Yeah yeah, he tells people the name was inspired by “the freeway exit and airport near his Santa Monica office,” but wouldn’t it be nice if it also had something to do with his crappy monster being a sea lover? Eh eh eh?
Plus, the monster had crabs falling off it self. Crabs people! Hello, is that not something that would happen to someone who had C-Lover vanity type plates? I’m just saying.
Oh well, my overall verdict of the film right?
Earlier I said I had a bad feeling about it right? And how I wanted to be proven wrong…WELL.
That has yet to happen people.
Cloverfield was a bad movie. In the words of the one so-so character Hud, “It’s a terrible thing.” (I might even be getting his quote wrong actually, but eh well).
I give it a C- grade rating at most. And I only it give it that letter because I’m still talking Crap about it(and I want to stay in tune with C-lover).
What didn’t I like about it? The short list?

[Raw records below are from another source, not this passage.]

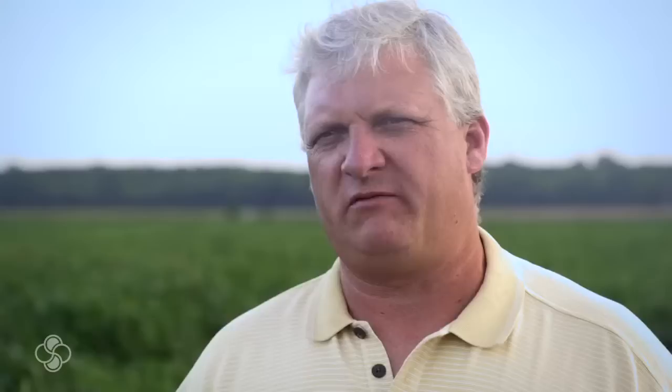With the Stolar products, we've computed it based on last year's results, and we're looking at a five-to-one return on investment. Real pleased with that. BioForge helps alleviate the stress that Mother Nature puts on the plant. That's why we're still using the Stolar products — they work.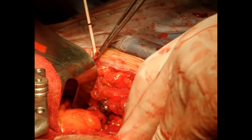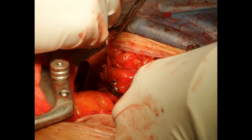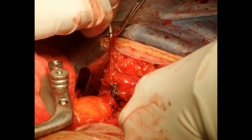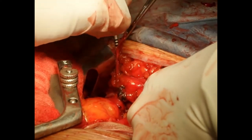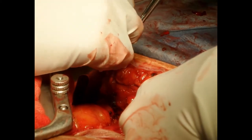A standard JJ stent is put in place. We confirm with one finger at the level of the transplanted kidney pelvis that the proximal part of the stent gets in place safely.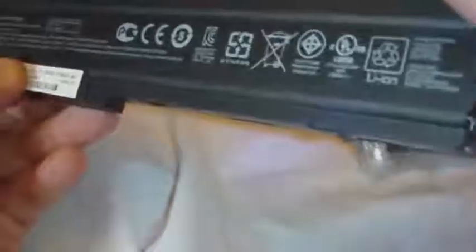It's a tiny, small, thin battery. It's rated at 14.8 volts, 1880 mAh. This is the HP Mini 5103.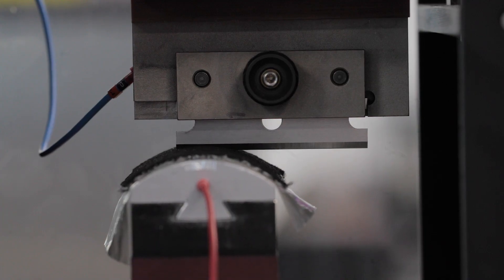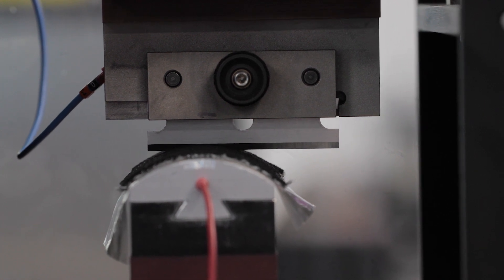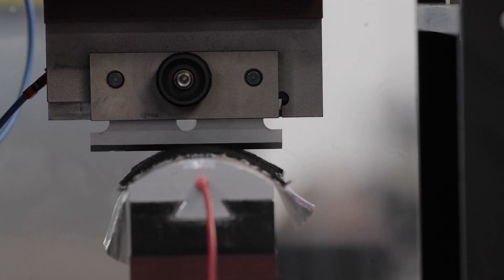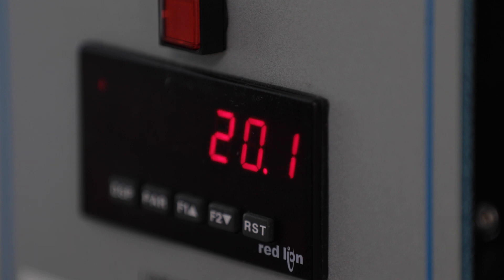Once raised into place, the cut resistance evaluator drives a straight-edged blade across the glove sample until it cuts through, and the distance moved by the blade is recorded. In this example, the glove resists being cut through by the blade until it is cut for 20.2 millimeters.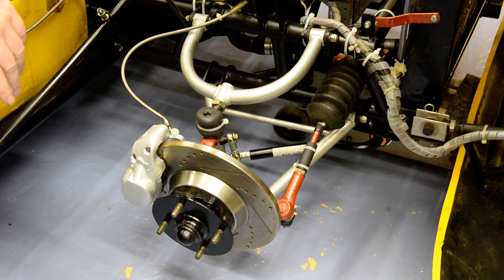So that's a bit of a summary of the front suspension. Next job is to introduce the damper and spring.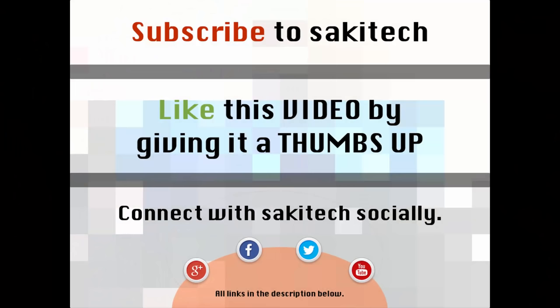That brings us to the end of this video. Go ahead and subscribe to my channel for more videos, give me a thumbs up if you liked this video, and connect with me on Google Plus, Facebook, and Twitter — all links are in the description below. If you have any questions, comments, or concerns, throw them down in the comments section below.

The story was lame. A plot/love story that was almost as inept as any chance of a steady shot through out the entire film. It was not The American Godzilla it aimed to be. It wasn’t even really a monster movie. More like a cheap high school soap play that happened to have a monster tearing up the city in the back ground. Anything could have easily replaced the monster really. An earthquake, a gang of terrorist, a giant marshmallow, whatever.
The dialogue was crap. Maybe the camera made them nervous, maybe it was a theme they were going for, who knows…none of it felt remotely natural or real.
And sure, Shakespeare doesn’t feel natural, but there’s something to it you know.
It’s deep stuff right?
Speaking of deep…the characters. Putting it mildly, these cardboard cut out New York hipsters had the kind of depth even toddlers wouldn’t dip their feet into. And omigod the main guy–he sucked sooooooooo much. He is like a poor man’s Michael Vartan (who’s name I only now know because I looked him up specifically to prove how much better he is than the Cloverfield guy.) except he’s super annoying. And, my god he couldn’t deliver emotion if he had a hat that said Dominoes on it…uggh.
Oh and don’t get me started on…you know what?
There are loads of reviews out there, pick one and run with it, just don’t run with a camera PLEASE.
C the movie if you want, don’t C it. Just don’t expect too much I guess. And if you’re prone to C (sea) sickness, take some Dramamine.